Web page caption snippets
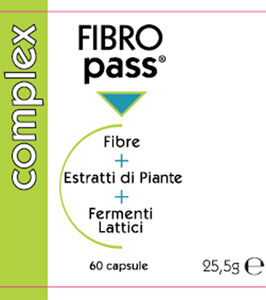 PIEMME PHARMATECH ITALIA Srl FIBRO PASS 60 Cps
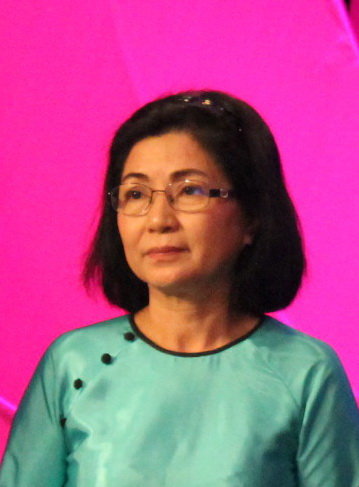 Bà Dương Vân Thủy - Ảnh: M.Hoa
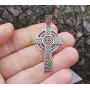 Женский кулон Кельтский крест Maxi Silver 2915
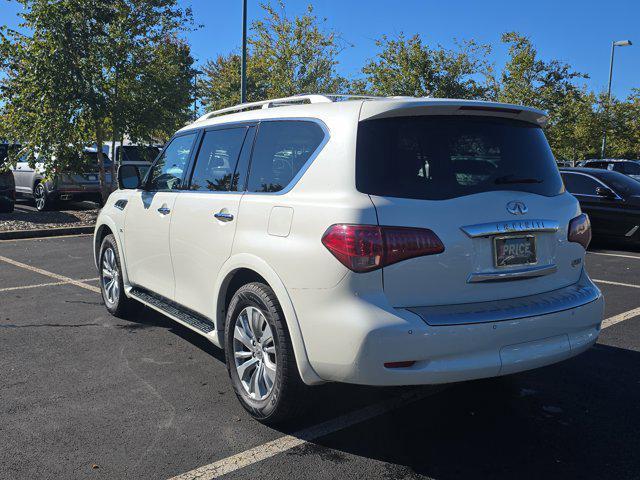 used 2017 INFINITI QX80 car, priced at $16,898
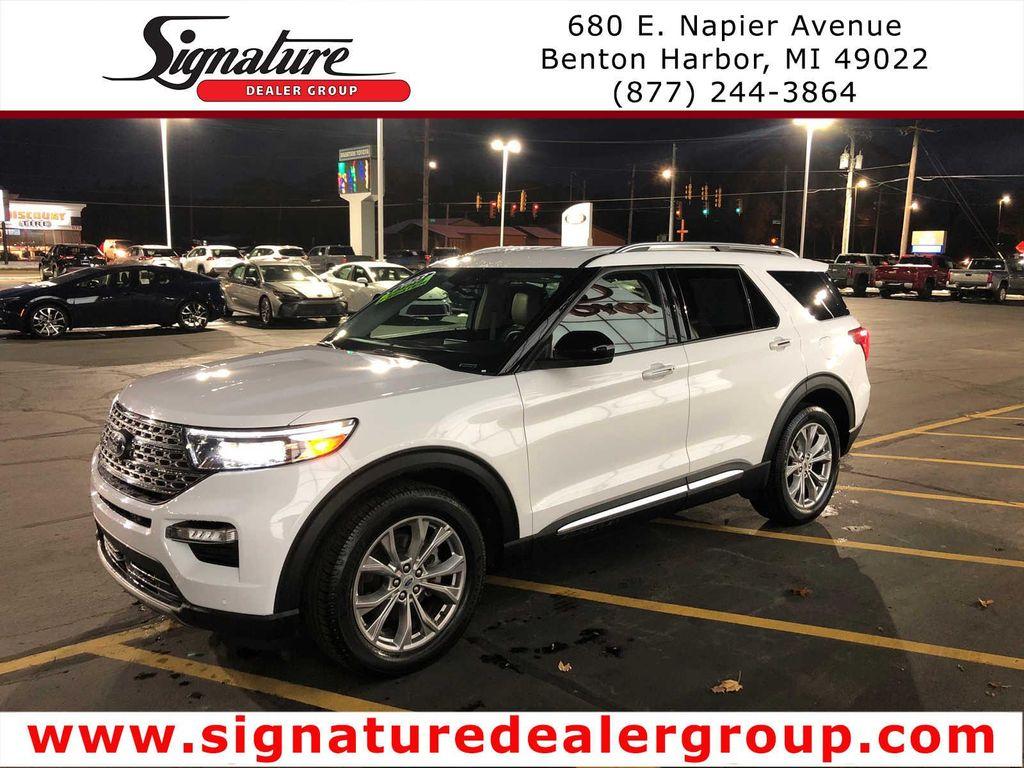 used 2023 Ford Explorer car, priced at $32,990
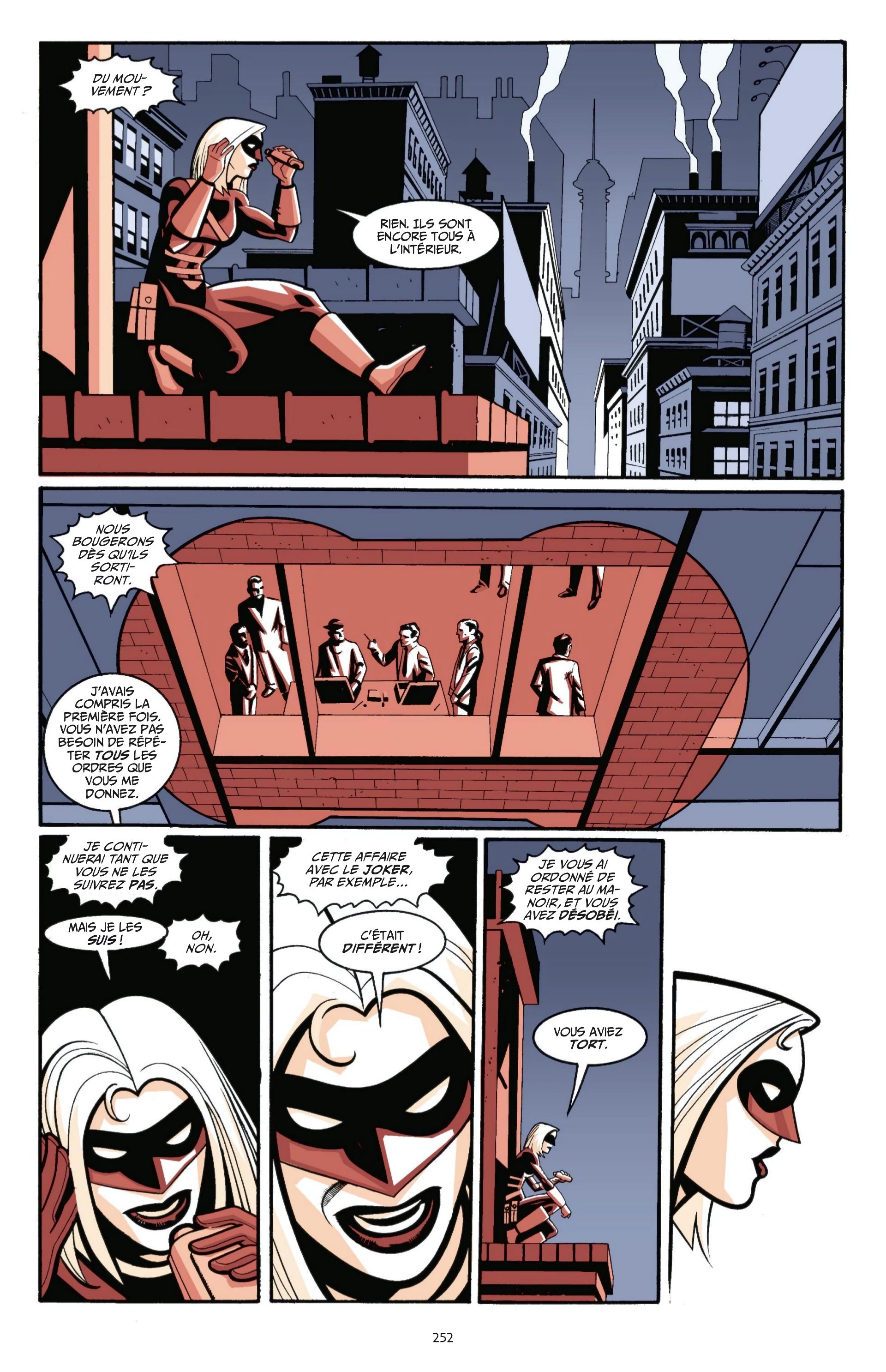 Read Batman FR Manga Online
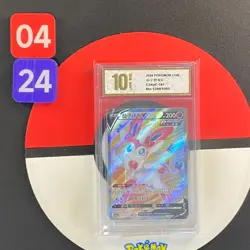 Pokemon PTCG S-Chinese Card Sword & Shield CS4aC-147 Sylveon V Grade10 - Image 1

Task brief:
Reproduce word for word the lines running from the line with "Женский кулон Кельтский" through the end of the data, both included, and nothing else; leave out the pictures.

Solution to the exercise:
 Женский кулон Кельтский крест Maxi Silver 2915
 used 2017 INFINITI QX80 car, priced at $16,898
 used 2023 Ford Explorer car, priced at $32,990
 Read Batman FR Manga Online
 Pokemon PTCG S-Chinese Card Sword & Shield CS4aC-147 Sylveon V Grade10 - Image 1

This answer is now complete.